Dari simulasi yang  dilakukan Next Policy, rebound [ekonomi] akan sangat bergantung pada faktor kesehatan. Menurutnya, pemerintah berniat mengeluarkan Perppu reformasi sistem keuangan karena kebutuhan pembiayaan akan sangat besar untuk ekonomi bisa kembali pulih. Pembiayaan yang besar memang perlu dilakukan, namun kata Fithra, tidak aka efisien jika penanganan Covid-19 oleh pemerintah masih belum membaik.

Sementara Guru Besar Ilmu Ekonomi UNDIP Prof. Dr. Fx Sugiyanto menyebutkan, setidaknya ada dua hal yang dinilainya menjadi latar belakang perlunya ada revisi UU BI, yaitu independensi dan koordinasi. Berdasarkan UU BI yang berlaku saat ini, BI tidak memiliki tujuan terkait pertumbuhan ekonomi secara keseluruhan. Sementera menurutnya, BI mestinya turut andil dalam pertumbuhan ekonomi Tanah Air.

Kalau di dalam undang-undang yang berlalu sekarang tujuan Bank Indonesia tidak dikaitkan dengan pertumbuhan ekonomi. Sugiyanto berpandangan bahwa apapun yang mau dicapai Bank Indonesia harus mengacu kepada tujuan ekonomi secara keseluruhan.

FX Sugiyanto menekankan pada konsep pertumbuhan ekonomi berkelanjutan sebagai tujuan dari BI. Dimana ia menilai, stabilisasi harga merupakan bagian dari upaya untuk mencapai pertumbuhan ekonomi berkelanjutan.
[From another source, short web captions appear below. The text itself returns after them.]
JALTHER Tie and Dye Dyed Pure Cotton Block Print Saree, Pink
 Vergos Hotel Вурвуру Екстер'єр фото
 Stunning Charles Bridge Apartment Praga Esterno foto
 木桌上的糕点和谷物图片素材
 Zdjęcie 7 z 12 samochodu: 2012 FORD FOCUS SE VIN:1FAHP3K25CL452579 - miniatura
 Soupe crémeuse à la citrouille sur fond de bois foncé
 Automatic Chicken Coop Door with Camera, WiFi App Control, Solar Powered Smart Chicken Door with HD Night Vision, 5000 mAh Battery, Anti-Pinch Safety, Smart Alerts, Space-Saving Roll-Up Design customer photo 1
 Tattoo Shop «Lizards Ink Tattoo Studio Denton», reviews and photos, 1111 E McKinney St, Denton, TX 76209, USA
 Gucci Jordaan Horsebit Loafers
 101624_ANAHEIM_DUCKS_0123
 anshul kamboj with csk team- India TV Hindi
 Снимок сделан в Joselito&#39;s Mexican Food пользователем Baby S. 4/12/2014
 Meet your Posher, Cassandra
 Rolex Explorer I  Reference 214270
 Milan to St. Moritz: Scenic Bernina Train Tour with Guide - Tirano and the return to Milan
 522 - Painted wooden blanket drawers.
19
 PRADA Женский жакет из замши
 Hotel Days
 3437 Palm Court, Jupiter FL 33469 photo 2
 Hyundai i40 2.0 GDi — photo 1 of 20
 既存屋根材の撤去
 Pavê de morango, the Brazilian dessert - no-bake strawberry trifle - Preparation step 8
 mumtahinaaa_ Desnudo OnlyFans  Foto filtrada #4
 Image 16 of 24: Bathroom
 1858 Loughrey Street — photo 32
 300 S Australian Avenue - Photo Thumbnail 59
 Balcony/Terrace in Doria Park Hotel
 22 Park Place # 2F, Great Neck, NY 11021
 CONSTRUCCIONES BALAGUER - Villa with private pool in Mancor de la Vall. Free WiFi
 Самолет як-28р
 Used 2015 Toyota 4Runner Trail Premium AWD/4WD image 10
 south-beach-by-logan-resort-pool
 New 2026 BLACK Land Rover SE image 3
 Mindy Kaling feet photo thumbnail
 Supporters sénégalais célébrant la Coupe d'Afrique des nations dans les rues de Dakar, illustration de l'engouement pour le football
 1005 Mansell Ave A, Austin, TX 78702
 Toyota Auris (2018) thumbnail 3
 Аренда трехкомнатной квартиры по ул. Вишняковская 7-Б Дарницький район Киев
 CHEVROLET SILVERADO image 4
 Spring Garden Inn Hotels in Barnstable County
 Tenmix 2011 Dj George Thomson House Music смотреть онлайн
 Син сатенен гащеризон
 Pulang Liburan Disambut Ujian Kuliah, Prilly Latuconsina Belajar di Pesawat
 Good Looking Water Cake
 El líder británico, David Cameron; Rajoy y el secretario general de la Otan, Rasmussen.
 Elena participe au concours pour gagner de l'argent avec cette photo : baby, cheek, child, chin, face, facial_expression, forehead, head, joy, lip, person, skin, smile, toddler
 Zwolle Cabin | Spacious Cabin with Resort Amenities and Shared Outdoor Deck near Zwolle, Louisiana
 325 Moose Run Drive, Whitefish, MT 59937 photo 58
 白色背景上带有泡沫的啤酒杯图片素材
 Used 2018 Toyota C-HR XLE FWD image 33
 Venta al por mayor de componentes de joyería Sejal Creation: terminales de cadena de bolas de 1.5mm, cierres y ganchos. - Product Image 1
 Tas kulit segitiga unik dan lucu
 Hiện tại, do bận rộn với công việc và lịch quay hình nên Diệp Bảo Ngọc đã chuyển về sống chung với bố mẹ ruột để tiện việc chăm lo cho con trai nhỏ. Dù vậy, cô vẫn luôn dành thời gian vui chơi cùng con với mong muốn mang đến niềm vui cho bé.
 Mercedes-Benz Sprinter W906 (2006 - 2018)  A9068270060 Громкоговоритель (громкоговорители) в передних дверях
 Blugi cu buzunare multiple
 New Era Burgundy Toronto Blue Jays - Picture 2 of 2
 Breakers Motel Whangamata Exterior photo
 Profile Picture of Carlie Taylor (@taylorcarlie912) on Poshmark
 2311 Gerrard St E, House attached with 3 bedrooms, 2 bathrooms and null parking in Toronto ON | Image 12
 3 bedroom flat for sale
Sugiyanto menekankan tentang konsep berkelanjutan, maka sebetulnya didalamnya tentu sudah terkait dengan bagaimana kualitas pertumbuhan itu harus dicapai. Jadi rencana pasal 7 itu mengenai tujuan Bank Indonesia perlu memasukkan pertumbuhan ekonomi berkelanjutan sebagai acuan BI dalam rangka mencapai tujuan untuk pengendalian harga.

Berbeda dengan Sugiyanto ekonom Senior Faisal Basri menilai terjadi penyalahgunaan kekuasaan (abuse of power) di balik revisi Undang-undang Bank Indonesia (BI) yang saat ini sedang digodok.

Faisal menilai pemerintah ingin mencengkeram kekuasaan lebih dengan masuknya Kementerian Keuangan ke dalam dewan moneter. Faisal kuatir jika pemerintah bisa 'mengutak-atik' independensi BI, ke depannya akan ada titipan tugas atau kepentingan pemerintah yang dibebankan ke bank sentral.